L'Union européenne est alors devenue le seul soutien de Kiev. En ce mois de décembre 2025 les dirigeants européens discutent, depuis des semaines déjà, sur les moyens d'utiliser les avoirs souverains russes bloqués dans les banques de l'UE. Il y a un risque politique, diplomatique et financier à utiliser cet argent. La Belgique, qui en détient près de 80%, est foncièrement opposée à cette solution. D'autres pays comme la France et l'Italie sont du même avis alors que l'Allemagne est prête à franchir le pas. La décision sera finalement prise par le conseil européen : on ne touchera pas aux avoirs russes. Ce qui fera dire à Donald Trump que les dirigeants européens "parlent beaucoup mais ne décident rien".
Mais l'Europe, quoiqu'en pense Trump, tient à assumer ses responsabilités vis à vis de l'Ukraine: l'argent nécessaire, 90 Milliards d'euros, sera emprunté sur le marché des capitaux et prêté gratuitement à l'Ukraine. L'UE paiera les intérêts mais la Hongrie, la République Tchèque et la Slovaquie seront exemptées de ces paiements en échange de leur accord sur la proposition.

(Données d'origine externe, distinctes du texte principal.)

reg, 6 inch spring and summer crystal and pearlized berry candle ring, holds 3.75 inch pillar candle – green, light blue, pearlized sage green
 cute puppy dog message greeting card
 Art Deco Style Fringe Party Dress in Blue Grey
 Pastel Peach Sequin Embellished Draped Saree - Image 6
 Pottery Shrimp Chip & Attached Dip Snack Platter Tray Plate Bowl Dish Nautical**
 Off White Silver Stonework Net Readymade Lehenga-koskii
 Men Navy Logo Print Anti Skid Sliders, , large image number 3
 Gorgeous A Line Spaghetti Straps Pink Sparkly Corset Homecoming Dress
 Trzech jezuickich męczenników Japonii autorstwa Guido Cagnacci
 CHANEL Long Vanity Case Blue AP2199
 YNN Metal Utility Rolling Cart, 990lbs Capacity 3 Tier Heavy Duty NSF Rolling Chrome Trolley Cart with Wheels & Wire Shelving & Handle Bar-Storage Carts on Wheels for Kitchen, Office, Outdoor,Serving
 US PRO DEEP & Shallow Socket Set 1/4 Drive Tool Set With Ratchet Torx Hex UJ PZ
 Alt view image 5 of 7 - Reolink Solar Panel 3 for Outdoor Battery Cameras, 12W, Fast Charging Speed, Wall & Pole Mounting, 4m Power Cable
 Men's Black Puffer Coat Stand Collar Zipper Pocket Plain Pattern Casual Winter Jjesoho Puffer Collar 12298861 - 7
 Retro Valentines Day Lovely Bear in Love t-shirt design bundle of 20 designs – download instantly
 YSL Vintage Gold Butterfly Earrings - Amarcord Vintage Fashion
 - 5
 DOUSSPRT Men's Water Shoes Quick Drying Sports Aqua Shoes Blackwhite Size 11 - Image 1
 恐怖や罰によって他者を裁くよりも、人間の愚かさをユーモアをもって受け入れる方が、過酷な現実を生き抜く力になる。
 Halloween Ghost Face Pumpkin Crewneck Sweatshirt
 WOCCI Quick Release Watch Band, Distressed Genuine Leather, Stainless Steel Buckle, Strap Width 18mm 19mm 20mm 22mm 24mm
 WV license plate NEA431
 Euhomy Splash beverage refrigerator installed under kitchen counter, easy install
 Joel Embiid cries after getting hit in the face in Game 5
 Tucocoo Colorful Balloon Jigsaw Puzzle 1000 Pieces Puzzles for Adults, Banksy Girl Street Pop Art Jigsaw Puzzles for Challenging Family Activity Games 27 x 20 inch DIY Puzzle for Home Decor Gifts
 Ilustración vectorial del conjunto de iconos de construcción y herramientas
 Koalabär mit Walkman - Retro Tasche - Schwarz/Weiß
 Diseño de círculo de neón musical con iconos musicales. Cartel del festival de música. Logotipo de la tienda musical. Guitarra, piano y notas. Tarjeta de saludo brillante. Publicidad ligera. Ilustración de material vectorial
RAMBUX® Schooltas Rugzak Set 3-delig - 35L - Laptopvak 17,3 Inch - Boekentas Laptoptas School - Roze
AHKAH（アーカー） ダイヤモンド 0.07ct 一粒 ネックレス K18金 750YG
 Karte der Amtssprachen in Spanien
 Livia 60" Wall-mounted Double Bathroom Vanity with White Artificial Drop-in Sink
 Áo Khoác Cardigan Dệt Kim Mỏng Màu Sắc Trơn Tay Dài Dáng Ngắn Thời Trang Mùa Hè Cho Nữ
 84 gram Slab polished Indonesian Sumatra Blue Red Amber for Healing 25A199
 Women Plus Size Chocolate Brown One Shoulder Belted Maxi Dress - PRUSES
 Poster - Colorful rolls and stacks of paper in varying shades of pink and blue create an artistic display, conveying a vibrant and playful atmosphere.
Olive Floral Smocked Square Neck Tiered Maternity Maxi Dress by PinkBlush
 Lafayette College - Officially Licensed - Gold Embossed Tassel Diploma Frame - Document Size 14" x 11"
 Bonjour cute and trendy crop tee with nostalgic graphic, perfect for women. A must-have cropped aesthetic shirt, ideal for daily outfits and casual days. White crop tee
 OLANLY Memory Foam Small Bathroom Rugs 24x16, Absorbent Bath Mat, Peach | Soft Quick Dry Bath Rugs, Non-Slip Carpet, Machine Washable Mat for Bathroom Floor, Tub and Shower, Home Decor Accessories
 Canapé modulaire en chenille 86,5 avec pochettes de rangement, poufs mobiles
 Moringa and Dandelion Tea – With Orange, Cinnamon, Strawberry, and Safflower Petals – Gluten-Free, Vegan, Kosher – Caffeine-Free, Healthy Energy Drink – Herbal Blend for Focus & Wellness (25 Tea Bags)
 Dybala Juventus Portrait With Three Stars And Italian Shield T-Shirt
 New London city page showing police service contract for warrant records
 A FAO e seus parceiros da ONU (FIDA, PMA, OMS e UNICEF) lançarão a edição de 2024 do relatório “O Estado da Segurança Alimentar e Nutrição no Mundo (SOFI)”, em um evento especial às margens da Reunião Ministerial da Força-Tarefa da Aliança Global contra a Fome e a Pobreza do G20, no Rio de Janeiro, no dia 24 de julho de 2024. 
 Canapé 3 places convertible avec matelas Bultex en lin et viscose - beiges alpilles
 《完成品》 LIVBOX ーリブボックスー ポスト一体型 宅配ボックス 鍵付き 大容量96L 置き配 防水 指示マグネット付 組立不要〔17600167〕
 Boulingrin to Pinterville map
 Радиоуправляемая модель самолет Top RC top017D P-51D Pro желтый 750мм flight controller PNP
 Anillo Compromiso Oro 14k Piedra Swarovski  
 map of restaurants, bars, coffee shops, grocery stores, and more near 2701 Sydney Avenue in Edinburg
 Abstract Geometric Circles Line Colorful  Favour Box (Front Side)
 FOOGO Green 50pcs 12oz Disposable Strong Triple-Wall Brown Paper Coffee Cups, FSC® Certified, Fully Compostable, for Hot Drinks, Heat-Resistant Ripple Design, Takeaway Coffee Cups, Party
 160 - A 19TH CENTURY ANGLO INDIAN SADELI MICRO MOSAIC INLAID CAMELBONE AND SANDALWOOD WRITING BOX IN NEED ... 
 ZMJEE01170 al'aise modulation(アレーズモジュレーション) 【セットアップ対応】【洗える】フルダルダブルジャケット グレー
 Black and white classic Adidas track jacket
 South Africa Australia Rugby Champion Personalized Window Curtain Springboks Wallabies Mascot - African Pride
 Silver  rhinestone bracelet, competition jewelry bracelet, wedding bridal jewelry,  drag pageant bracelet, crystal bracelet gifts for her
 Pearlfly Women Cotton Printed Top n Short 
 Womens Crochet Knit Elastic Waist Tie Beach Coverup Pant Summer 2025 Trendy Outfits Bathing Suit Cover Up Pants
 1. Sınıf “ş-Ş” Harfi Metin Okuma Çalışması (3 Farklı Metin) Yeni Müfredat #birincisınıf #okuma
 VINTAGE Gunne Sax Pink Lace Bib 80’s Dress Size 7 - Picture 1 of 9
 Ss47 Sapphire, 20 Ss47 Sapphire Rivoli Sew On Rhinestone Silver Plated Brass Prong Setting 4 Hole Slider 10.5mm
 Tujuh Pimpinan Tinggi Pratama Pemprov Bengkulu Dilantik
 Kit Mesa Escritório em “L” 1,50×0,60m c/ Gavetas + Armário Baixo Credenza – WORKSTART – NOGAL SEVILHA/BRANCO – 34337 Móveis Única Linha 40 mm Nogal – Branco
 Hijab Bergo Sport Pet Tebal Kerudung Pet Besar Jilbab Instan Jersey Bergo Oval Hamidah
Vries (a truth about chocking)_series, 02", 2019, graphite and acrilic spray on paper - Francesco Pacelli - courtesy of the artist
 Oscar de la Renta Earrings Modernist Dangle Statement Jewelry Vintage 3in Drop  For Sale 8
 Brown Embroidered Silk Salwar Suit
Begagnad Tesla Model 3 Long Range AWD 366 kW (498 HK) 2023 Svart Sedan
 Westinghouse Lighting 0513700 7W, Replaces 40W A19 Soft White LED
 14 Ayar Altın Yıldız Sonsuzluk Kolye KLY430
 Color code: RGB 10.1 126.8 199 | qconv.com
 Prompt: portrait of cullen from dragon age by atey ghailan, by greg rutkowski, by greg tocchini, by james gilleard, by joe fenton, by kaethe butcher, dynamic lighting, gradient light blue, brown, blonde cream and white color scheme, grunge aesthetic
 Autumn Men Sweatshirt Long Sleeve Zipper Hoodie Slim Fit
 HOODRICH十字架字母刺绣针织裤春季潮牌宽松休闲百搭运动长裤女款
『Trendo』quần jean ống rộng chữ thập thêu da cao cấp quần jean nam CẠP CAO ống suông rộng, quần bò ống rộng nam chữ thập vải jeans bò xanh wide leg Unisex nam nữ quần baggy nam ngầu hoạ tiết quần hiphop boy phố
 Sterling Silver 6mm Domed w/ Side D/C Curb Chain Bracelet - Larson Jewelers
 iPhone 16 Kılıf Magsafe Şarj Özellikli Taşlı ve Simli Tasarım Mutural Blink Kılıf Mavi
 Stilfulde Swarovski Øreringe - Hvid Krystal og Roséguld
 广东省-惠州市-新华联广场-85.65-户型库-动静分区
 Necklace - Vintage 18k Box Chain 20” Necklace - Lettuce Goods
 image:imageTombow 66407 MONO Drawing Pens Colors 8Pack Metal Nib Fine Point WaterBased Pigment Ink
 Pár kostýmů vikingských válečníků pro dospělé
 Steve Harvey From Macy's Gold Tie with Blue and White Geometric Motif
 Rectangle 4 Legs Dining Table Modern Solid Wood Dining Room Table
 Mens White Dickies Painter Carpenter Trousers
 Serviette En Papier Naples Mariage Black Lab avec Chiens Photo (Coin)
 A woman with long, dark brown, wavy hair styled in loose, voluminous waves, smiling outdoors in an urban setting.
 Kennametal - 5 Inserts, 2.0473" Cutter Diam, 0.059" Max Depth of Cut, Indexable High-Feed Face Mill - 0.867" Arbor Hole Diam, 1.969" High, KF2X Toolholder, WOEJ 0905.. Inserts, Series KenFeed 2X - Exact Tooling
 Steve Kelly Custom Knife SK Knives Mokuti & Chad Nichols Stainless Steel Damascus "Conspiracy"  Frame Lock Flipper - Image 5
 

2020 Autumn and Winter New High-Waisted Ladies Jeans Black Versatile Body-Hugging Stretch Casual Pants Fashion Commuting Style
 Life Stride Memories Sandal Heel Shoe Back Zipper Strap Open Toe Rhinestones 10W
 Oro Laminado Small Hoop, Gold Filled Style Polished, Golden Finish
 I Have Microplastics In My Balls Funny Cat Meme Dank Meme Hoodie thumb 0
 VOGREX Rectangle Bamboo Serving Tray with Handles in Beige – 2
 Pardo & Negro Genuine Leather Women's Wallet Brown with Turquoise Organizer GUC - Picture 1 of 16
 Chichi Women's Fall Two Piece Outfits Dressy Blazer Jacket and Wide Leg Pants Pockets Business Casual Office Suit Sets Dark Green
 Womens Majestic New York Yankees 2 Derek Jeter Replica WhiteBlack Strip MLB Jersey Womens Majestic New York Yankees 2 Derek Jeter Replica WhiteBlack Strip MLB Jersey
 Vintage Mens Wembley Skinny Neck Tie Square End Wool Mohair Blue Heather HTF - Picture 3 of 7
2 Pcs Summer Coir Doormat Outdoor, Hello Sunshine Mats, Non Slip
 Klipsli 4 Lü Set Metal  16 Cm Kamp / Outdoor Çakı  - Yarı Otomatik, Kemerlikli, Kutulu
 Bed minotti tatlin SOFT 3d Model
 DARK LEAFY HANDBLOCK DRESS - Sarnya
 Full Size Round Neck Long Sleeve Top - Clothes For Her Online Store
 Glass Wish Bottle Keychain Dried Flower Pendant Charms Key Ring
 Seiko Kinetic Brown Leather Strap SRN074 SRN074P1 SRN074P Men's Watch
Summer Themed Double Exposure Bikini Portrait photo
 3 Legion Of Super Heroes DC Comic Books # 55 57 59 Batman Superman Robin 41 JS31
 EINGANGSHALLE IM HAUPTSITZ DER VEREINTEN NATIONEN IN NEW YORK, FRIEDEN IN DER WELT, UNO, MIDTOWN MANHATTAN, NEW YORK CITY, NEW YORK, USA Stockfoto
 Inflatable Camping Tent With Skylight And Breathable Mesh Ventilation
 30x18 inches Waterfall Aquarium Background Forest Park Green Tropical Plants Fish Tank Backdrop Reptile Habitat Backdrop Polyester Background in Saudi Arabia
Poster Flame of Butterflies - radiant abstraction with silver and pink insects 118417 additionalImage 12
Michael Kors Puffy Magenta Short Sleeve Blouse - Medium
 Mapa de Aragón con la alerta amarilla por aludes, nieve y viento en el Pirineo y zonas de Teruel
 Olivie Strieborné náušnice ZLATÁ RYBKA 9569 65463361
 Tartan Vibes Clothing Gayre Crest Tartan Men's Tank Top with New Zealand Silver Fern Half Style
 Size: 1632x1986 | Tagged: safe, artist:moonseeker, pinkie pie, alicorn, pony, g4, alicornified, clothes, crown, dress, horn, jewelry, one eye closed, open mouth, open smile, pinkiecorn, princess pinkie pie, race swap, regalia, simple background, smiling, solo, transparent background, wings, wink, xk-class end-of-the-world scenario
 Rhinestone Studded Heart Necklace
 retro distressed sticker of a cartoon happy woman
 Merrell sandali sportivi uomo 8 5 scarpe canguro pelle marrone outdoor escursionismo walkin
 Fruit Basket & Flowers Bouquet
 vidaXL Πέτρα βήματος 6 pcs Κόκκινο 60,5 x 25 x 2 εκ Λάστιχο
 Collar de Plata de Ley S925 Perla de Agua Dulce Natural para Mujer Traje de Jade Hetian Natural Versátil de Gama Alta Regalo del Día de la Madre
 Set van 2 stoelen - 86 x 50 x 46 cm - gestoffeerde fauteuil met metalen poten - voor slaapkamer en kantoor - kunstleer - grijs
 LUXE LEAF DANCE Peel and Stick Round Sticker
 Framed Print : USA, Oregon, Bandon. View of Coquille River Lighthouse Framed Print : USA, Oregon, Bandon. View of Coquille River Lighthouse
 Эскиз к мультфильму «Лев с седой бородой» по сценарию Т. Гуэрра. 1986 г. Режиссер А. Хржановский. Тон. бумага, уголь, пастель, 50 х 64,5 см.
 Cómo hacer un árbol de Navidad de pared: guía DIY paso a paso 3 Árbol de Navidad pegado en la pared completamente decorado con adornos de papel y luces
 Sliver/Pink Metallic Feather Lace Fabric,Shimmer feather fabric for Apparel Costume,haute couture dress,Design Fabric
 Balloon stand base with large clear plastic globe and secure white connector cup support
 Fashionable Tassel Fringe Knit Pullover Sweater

Dans ces circonstances, et alors que des efforts diplomatiques sont déployés en vue d'un éventuel cessez le feu, la décision de l'Union Européenne marque un point crucial :
- Elle démontre à Poutine et à Trump que l'Europe sait décider quand il le faut et que son influence est à considérer,
- Elle confirme à la Russie que son soutien à l'Ukraine est inébranlable malgré la défection des Etats-Unis,
- Elle rassure les autorités ukrainiennes qui, faute de moyens, auraient du accepter des conditions de paix désastreuses pour leur pays et pour l'Europe entière.
Qu'adviendra-t-il de ce prêt ? Les modalités ont été clairement définies entre l'UE et l'Ukraine : Kiev remboursera lorsqu'une paix juste et durable sera revenue et lorsque la Russie aura payé les réparations pour dommage de guerre. Si la Russie ne payait pas les dommages en question, ce qui est fort probable, alors l'UE s'autorisera à puiser dans les avoirs russes qui restent bloqués.
Poutine sait maintenant qu'il doit compter avec l'Europe et que ses conciliabules avec le Président américain ne suffiront pas à lui faire gagner une guerre qu'il a très imprudemment engagée.